13/6/17

El país no millennial

La ignorancia es caprichosa. Despierto hace un par de días con varios amigos míos encendidos por un artículo escrito en El País que desprecia -diciéndolo suavemente- a los millennials, de quienes yo desconocía su existencia hasta hace unos meses, por eso, a lo mejor, de estar dentro del saco. Resulta sumamente complaciente y, a la vista, rentable despreciar a la generación sucesora sin apenas haberle echado un ojo, no se diera el caso de que cambiara nuestra opinión y descubriéramos un pastel que no hemos querido ni ver, pero no olvidemos una cosa: en este país, que es España, con todo lo que conlleva eso, la culpabilización de la víctima está al orden del día.

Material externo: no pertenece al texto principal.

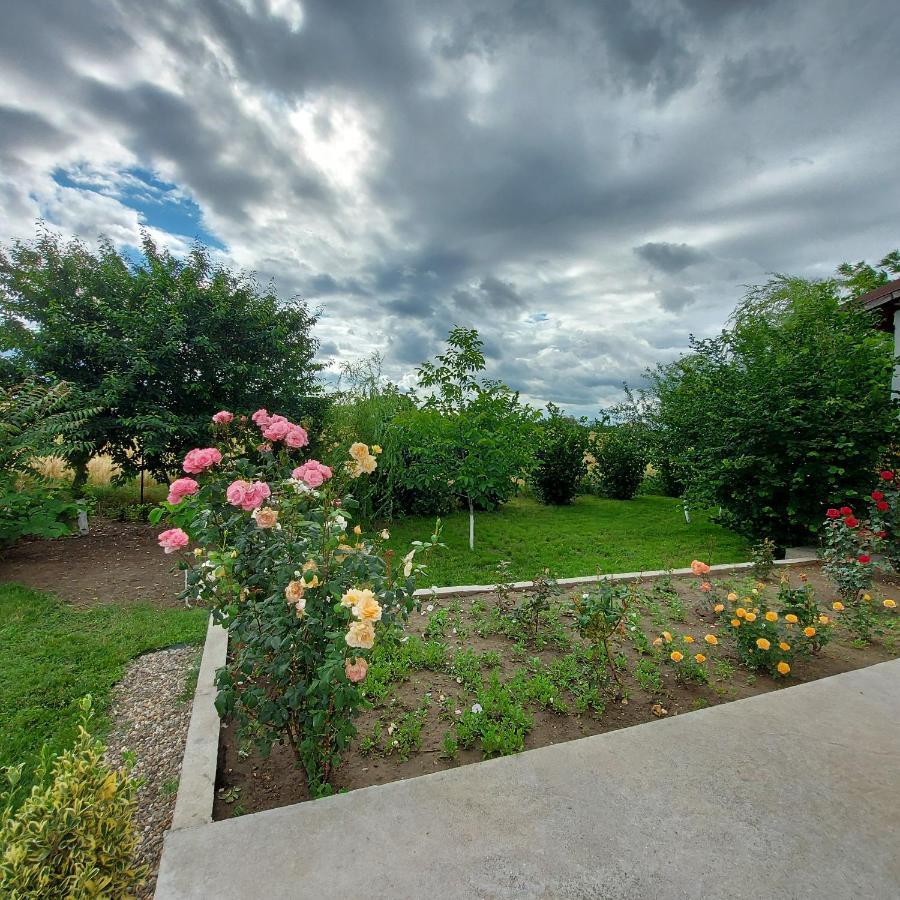 Romelia - Select Villa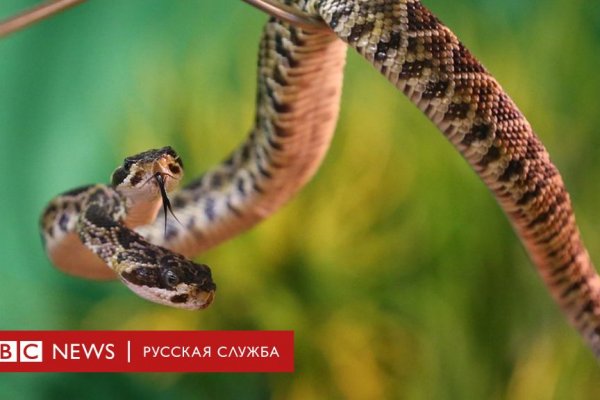 Кракен даркнет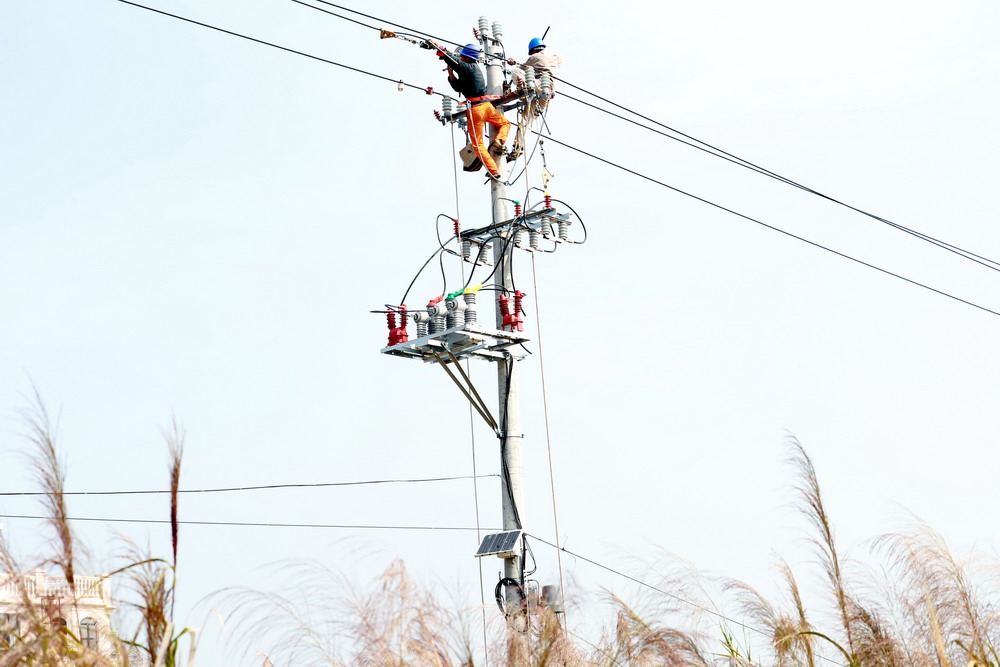 國網莆田供電公司升級改造線路 為鄉(xiāng)村振興“充足電”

No pasa únicamente contra aquellos que no pueden labrarse un futuro -¿os tengo que contar lo que es trabajar 40 horas por 750 euros mensuales y sin derecho a festivos remunerados como tales, o cuantificar a quiénes no han podido terminar sus estudios por la subida de tasas?-, ocurre también con todo aquello que no responde, diríamos, al punto de vista del opresor o del magnate. Cuando se tiene un despacho y el estómago lleno, no peligran ni la nevera llena ni el techo bajo el que se duerme, culpabilizar al resto del ataque sufrido es a todas luces mezquito e irresponsable pero sumamente común, compartido y hasta admirado. ¡Ay, qué lejos están, por otro lado, los días en que uno podía salir a una terraza a leer El País sin sentir vergüenza!